Lo cierto es que la mise-en-scène de la conferencia de
prensa no mitigó el carácter embarazoso de su situación.El 6 de septiembre, ya
procesado con prisión preventiva, fue trasladado sin escalas desde su despacho
en la Aduana a una oscura celda del penal de Caseros. Fue un auténtico bochorno
para su familia.
Aquella misma tarde el Partido Justicialista presentaba la
fórmula Lúder-Bittel, que enfrentaría a Alfonsín. Mauricio Eduardo, en tanto,
seguía en Caseros. Y con un rictus amargo les confiaba a sus pocas visitas: “Me
soltaron la mano”.
EL AUSENTE ETERNO
Con el transcurso de los meses, su amargura habría mutado en
una depresión aguda. Así de alicaído vivió el traspaso de la dictadura a la
democracia. Y el 10 diciembre, cuando Alfonsín, ya con los atributos
presidenciales, le hablaba a la multitud desde el balcón del Cabildo, él
permanecía inmóvil y con los párpados crispados sobre el camastro de su celda.
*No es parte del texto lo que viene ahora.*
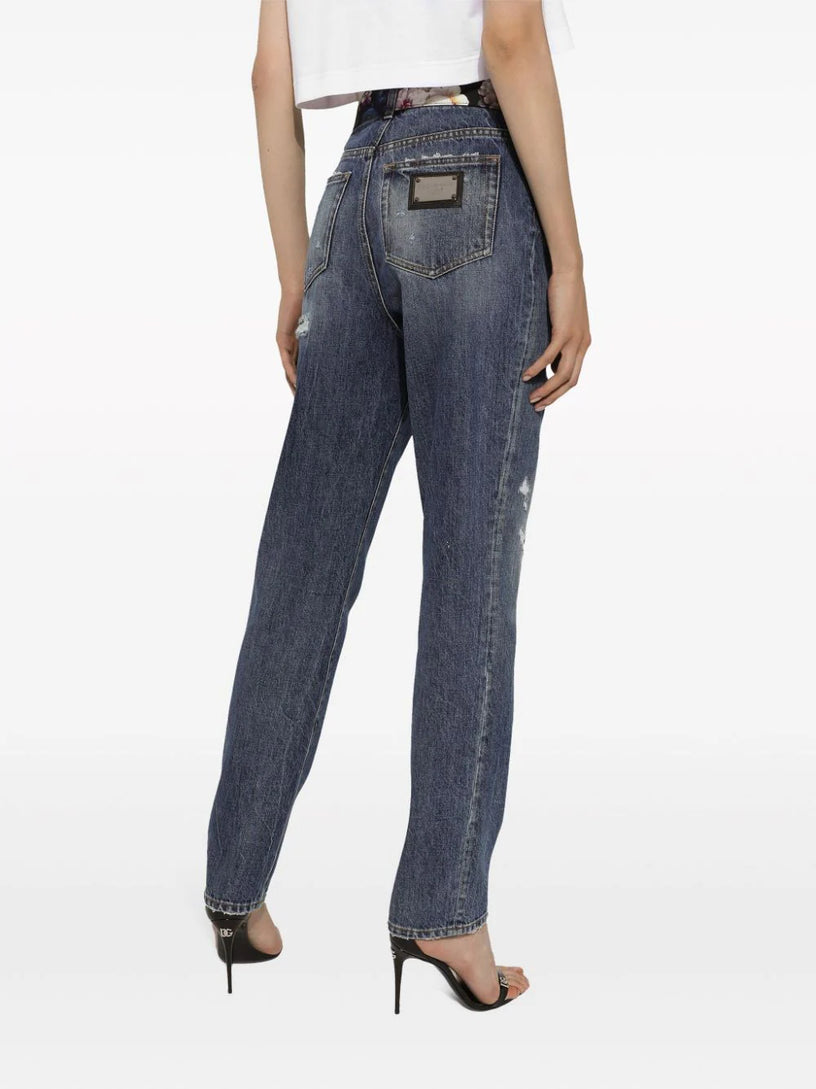 Denim jeans with rips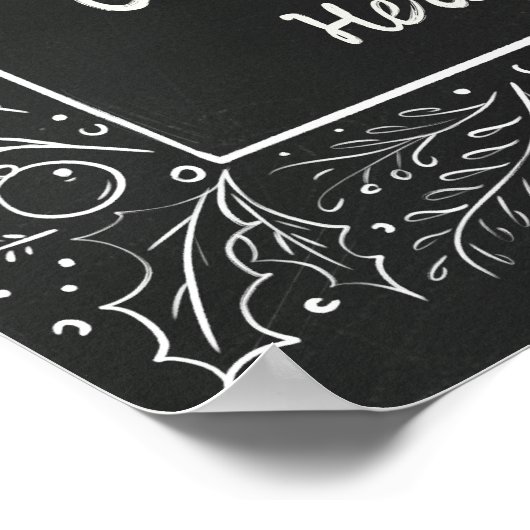 Gepersonaliseerde Kerstmis schoolbord feestelijk Poster (Hoek)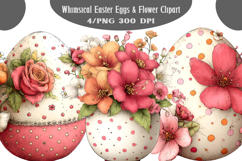 Whimsical Easter Eggs &amp; Flower Clipart Product Image 1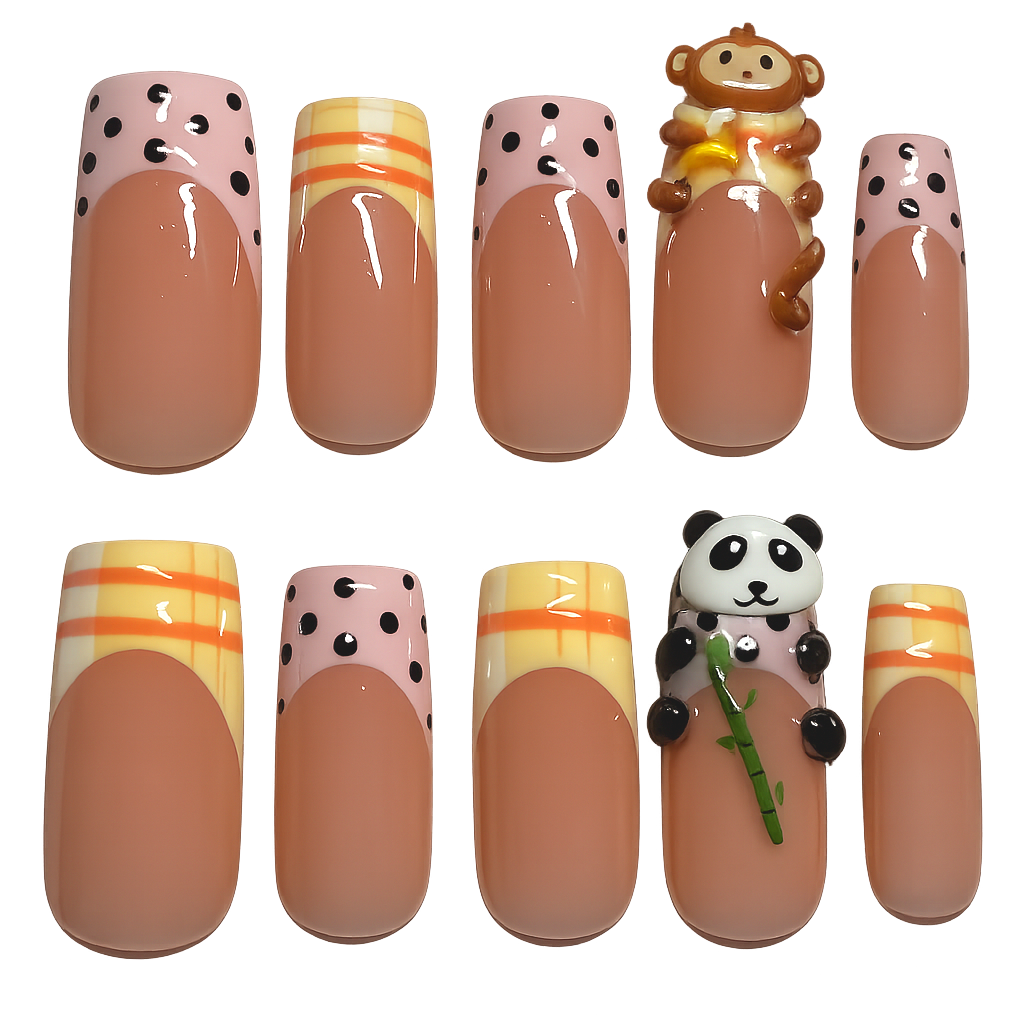 Handmade Panda & Monkey Playdate Press-On Nails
Recién en agosto de 1984 alegó por vía judicial su trastorno psíquico. Y,
sorprendentemente, la jueza Susana Pellet Lastra (en reemplazo del doctor
Serrabayrouse Bargalló) ordenó su internación en la Clínica Psiquiátrica Santa
Rosa, del barrio de Belgrano, una de las más lujosas del rubro. Los
acontecimientos se precipitaron a fines de aquel año, cuando la Cámara de
Apelaciones resolvió el regreso del ex funcionario a Caseros. La jueza Pellet
Lastra demoró la ejecución de la medida. Finalmente, los policías enviados a la
clínica para efectivizarla volvieron con las manos vacías: Braun Bidau ya había
puesto los pies en polvorosa.
Desde ese instante nunca más se supo de él. Ni cuando
prescribió su delito. El tipo se había ausentado para siempre.
Es muy posible que en tal enigma haya incidido de modo
determinante el peligroso nerviosismo de los antiguos mandos militares por los
secretos que atesoraba el prófugo. Y también, el empeño de sus parientes en
borrar todo vestigio del paso de aquel hombre por la vida. Como si nunca
hubiera existido.
Sin embargo, su figura evanescente aún sobrevuela la memoria
de los Braun como un espectro apenas disimulado.
Eso bien lo saben Marcos Peña y su primo Miguel.